Social Democrats TD Catherine Murphy described it as a “draconian measure” and said the only thing she could think it related to was the planning permission granted in 2015 to the Russian embassy.
The embassy was granted permission to more than quadruple the size of its premises, but came under scrutiny in the controversies over electronic surveillance and the poisoning of a former Russian spy and his daughter in Salisbury, England with the subsequent expulsion of an embassy diplomat from Ireland in an international retaliatory action.
In response, Minister of State Damian English, who is steering the legislation through the Oireachtas, insisted “it is not for any particular reason or to target anything in particular”.
He said “there is no one target” but a gap in the law that meant that if something of that nature were identified “there is no way of dealing with it”.
He said he expected the powers “will not be abused”.
The amendment is one of more than 70 from the Seanad to the Planning and Development (Amendment) Bill which establishes a new planning regulator, gives statutory backing to the new National Planning Framework and gives effect to the recommendations of the Planning tribunal.
Independent TD Catherine Connolly said that in the wake of the tribunal, the key element and “entire function” of the Bill was to improve transparency in the planning process.
“But right in the middle of it there is section 44, one of the longest, which does away with transparency. It does away with accountability and gives draconian powers to various Ministers,” said Ms Connolly.

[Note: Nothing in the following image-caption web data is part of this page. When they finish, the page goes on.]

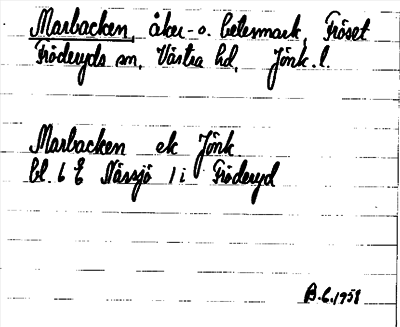 Bild på arkivkortet för arkivposten Marbacken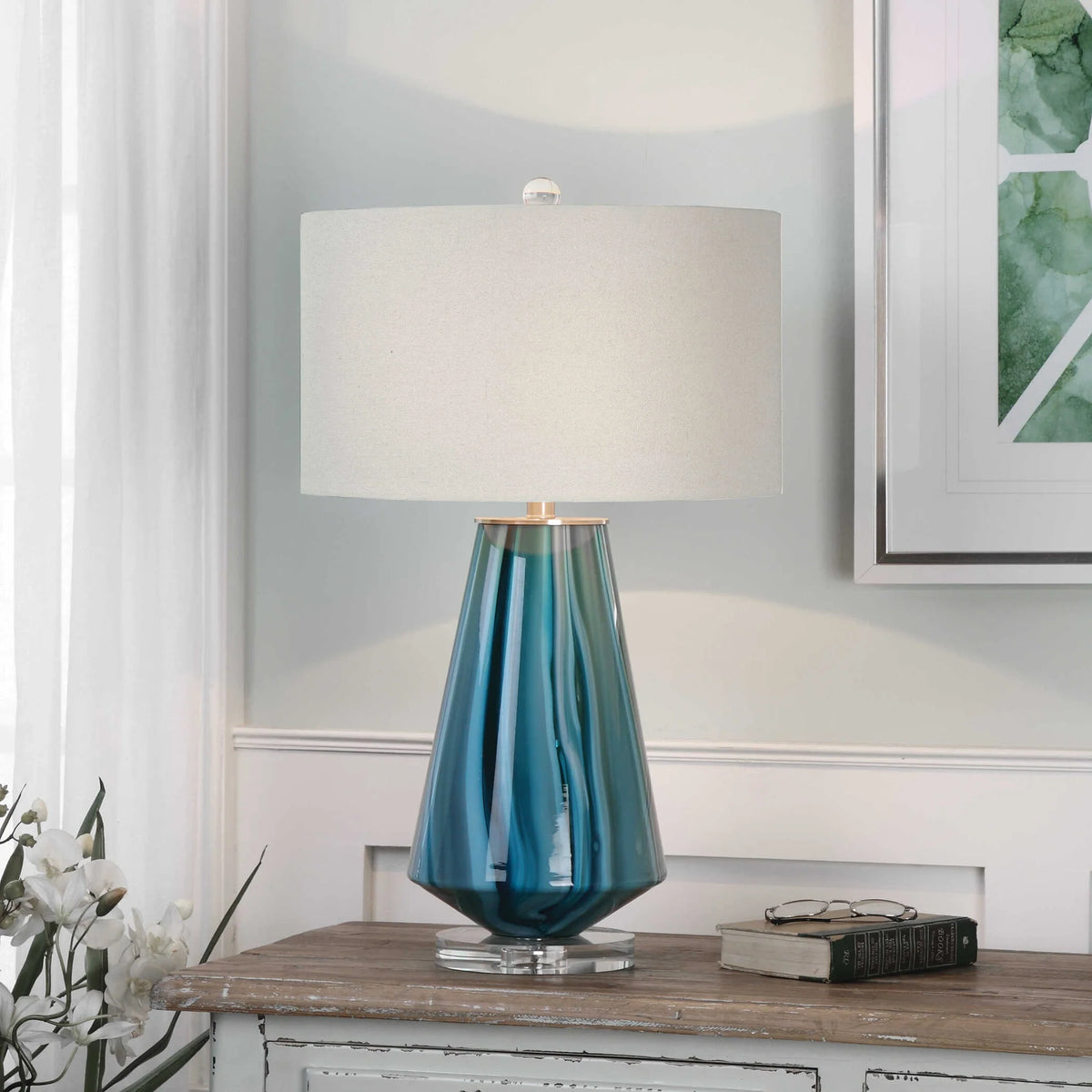 Teal-Gray Glass Table Lamp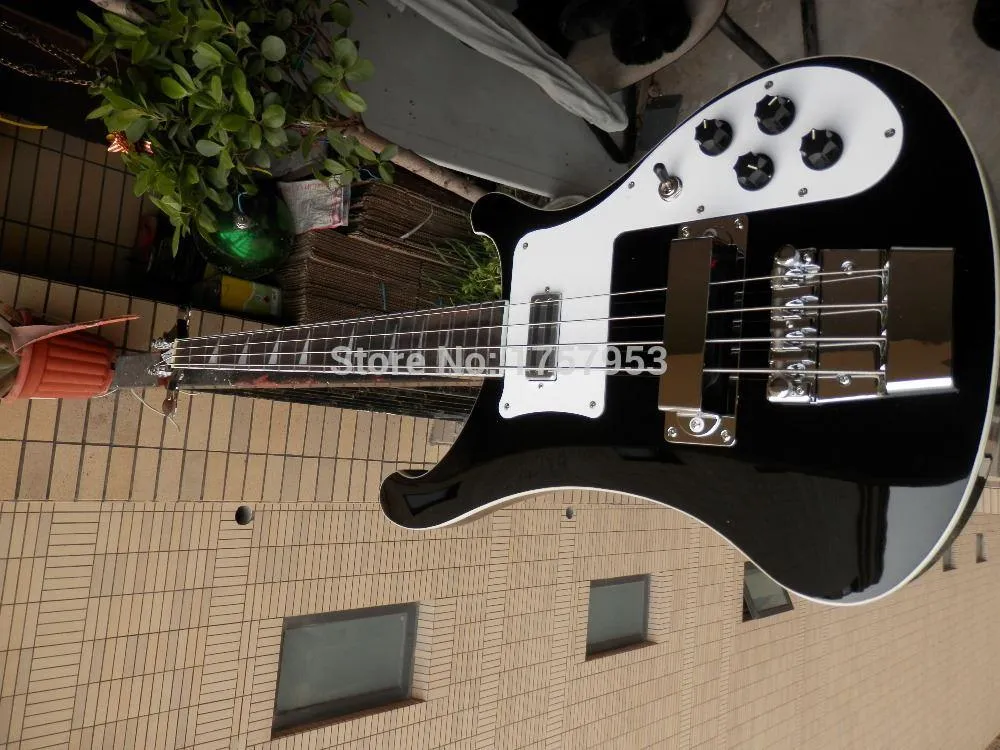 Custom de fábrica 2015 Más nuevo Custom Nice Black Bass Guitar 4 Cuerdas 4003 Rick Electric Bass En stock 315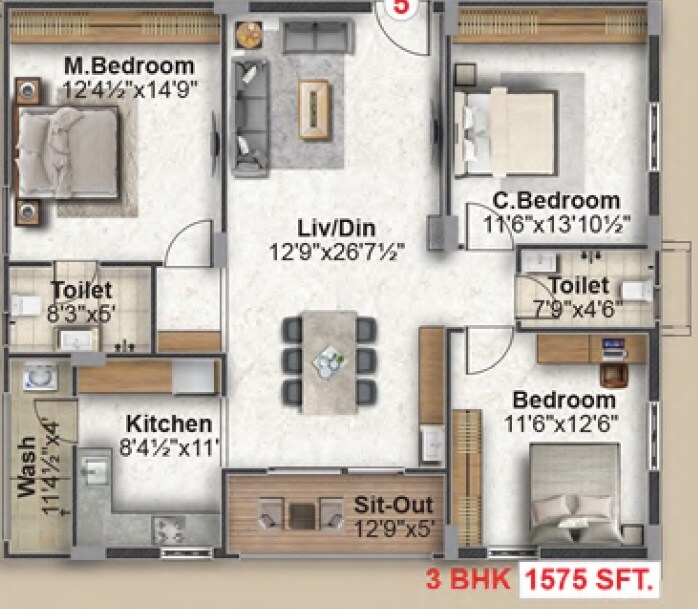 Floor plan of 3 BHK 1575 Sq. Ft. Apartment in Abode Aahwanam, Hyderabad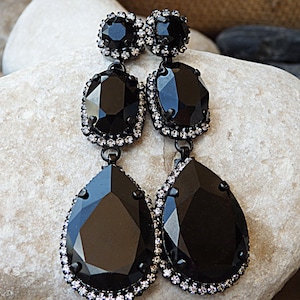 BLACK EARRINGS, Black Crystal  Earrings, Black Elegant Jewelry, Bridesmaids Black Earrings, Long Dangle Earrings, Prom Earrings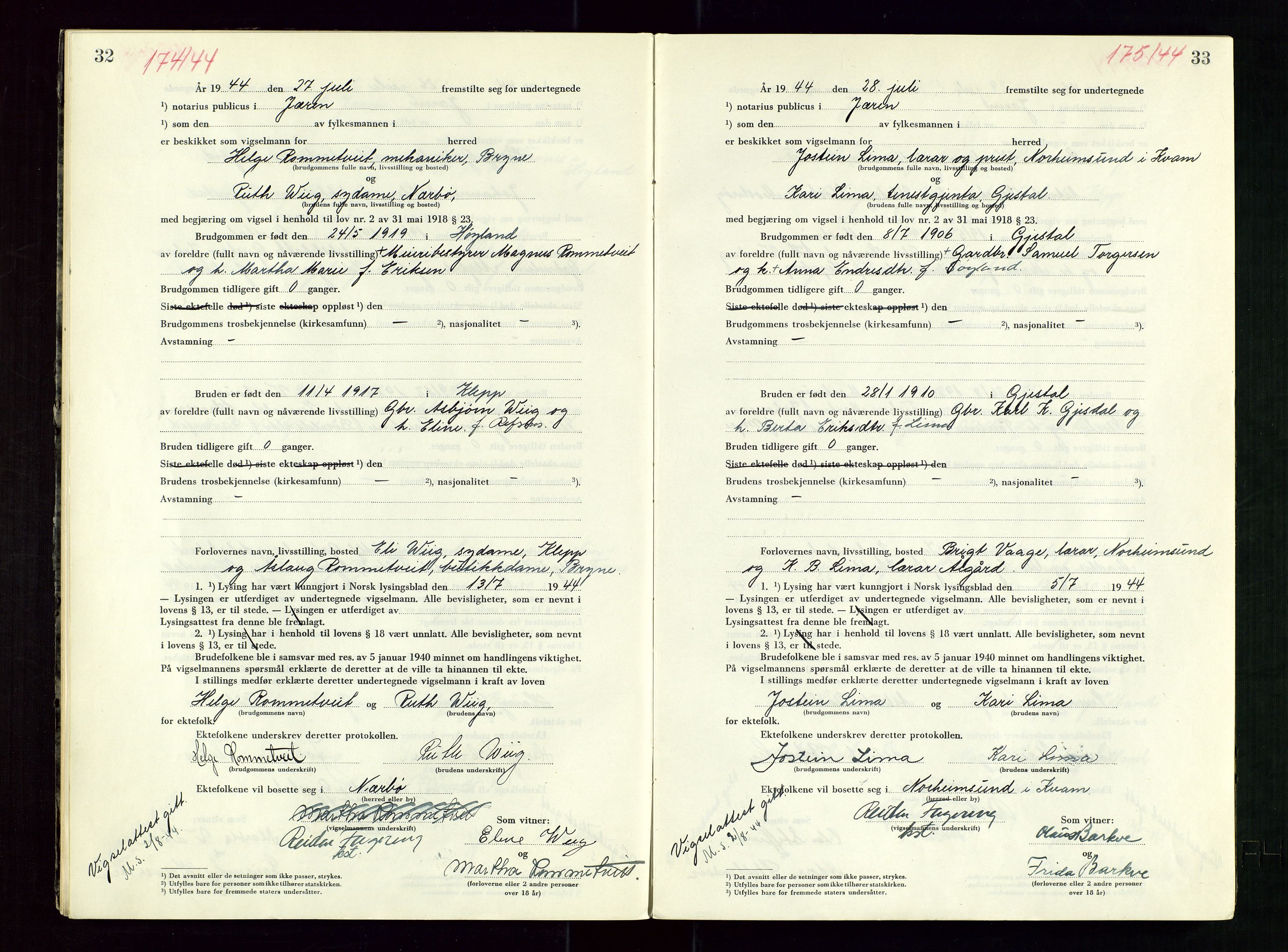 Jæren sorenskriveri, AV/SAST-A-100310/01/6/62/62BA/L0007: VIGSELSPROTOKOLL, 1944, p. 32-33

Under the provision the Government can, at the behest of the Minister for Foreign Affairs, the Minister for Justice or the Minister for Defence, revoke or modify a granted planning permission where it is viewed as “likely to be harmful to the security or defence of the State or the State’s relations with another state” and in the public interest.
Mr English said the power was likely to be invoked only “in very rare and extreme cases” but it should be available to the Government and Ministers to “take proportionate and justifiable action”, where the planning permission “is assessed to be a threat or unacceptable risk to the State”.
Sinn Féin housing spokesman Eoin O Broin said he had “grave reservations” about the provision. The safeguards for the affected “person or entity” included referring the matter to the courts “but they will be held in camera so there will be no public scrutiny but crucially documentation relating to the decision of the Minister and Cabinet could be withheld from the parties to that court case”.
He said it might be justifiable if it was only permissible where there was a threat or risk to the State, but it could “be used for all sorts of things” because the amendment was far broader than that and could “also relate to foreign policy issues, economic issues or other matters”.
Mr English said the provisions were seen as “reasonable and appropriate” and incorporated necessary checks and balances for affected parties.
The provision provoked almost an hour of debate in the Dáil before it was accepted by 45 votes to 21.
Fianna Fáil voted with Fine Gael to support the provision. Sinn Féin, the Social Democrats and a number of Independents voted against.